Taking an opportunity to exact some revenge on his enemies, Dre throws a bucket of dirty water on them and takes off running only to be caught where he once again finds himself lying face down on the ground. This time, however, he is rescued by his buildings maintenance man, Mr. Han (Jackie Chan). He quickly puts an end to the fight without once laying a hurtful hand on the children who are much younger than himself even though they take turns trying to attack him. He then takes Dre to the martial arts studio where these bullies train to confront their sensei, Master Li (Yu Rongguang), and try to make peace. Master Li, who relentlessly teaches his students to be merciless and excessively violent in their battles, wants to hear nothing of the sort claiming that they both have disrespected his studio and prevents either of them from leaving without a fight. Mr. Han makes a deal with the teacher stating that Dre will compete against his pupils in an open invitation kung-fu tournament. Upon hearing this, Dre is even more depressed than before stating that now he gets to have his ass kicked in public but his mood quickly changes when Mr. Han tells him that he will train him.

The next hour or so shows the intense martial arts training that Dre goes through, both methods that the audience might expect to see mixed in with some very unorthodox ones. We also see Dre’s relationship with Mei Ying develop and blossom into something more than just friends. Mr. Han’s past is also revealed and he connects with his pupil on a level that even he did not expect to. Of course the story builds to the most exciting part of the film, the tournament. Everything he has learned and more is on full display as Dre attempts to overcome his fear of not just being able to defend himself but also adjusting to his new life and giving a man with past demons a second chance at his own.

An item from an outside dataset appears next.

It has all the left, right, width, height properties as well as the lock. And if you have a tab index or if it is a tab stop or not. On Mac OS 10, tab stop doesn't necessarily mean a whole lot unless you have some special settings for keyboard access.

The Karate Kid is a true all around crowd pleaser. It has kids being kids including the funny things that they say, pop-and-lock dancing and practical jokes. It shows the difficult transgression that one would go through, especially a child, being torn away from everything they once knew and introduced into an entirely new life. It has romance and friendship and insight into Chinese culture and of course it has the stunt fighting and action that is expected of it. One controversy that it did spark was the fact that it is titled The Karate Kid, respectively after its predecessors, but features the kung fu style of martial art fighting. Karate is in relation to Japanese culture whereas kung fu is to Chinese. It is titled The Kung Fu Kid in Asian countries and only called its original name in America.

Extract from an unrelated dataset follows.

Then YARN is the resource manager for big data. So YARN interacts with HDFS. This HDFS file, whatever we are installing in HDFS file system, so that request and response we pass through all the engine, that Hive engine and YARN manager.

Jaden Smith seems to be a natural after only a couple of films on his resume. He trained with the films fight and stunt coordinator, Wu Gang, before filming his fight and training scenes with Jackie Chan. Acting wise, he does a great job, probably just playing himself; he adds jokes and charisma to his character that will delight movie goers. Jackie Chan puts on possibly his best acting performance aside of stunt fighting that I have seen yet. He brings rare emotion and power to his character while still maintaining some of his signature funny man antics and one liners. Of course there’s one of my celebrity girlfriends, Taraji P. Henson, who plays a cool but no nonsense mother who will kill someone over her baby. I might also add that she looks quite delicious while donning a traditional red Chinese dress called a Cheongsam during one scene.

Young or old, boy or girl, karate or Kung fu, this film is definitely one to check out. It doesn’t disappoint and even though I haven’t seen the original, I’m sure it would have made Mr. Miyagi (Noriyuki 'Pat' Morita) proud. I give The Karate Kid “4 training sessions of repeatedly putting your jacket on and off out of 5”.

Dre - “You mean you don't know the rules?”

Mr. Han - “Simple. You hit him, don't let him hit you.”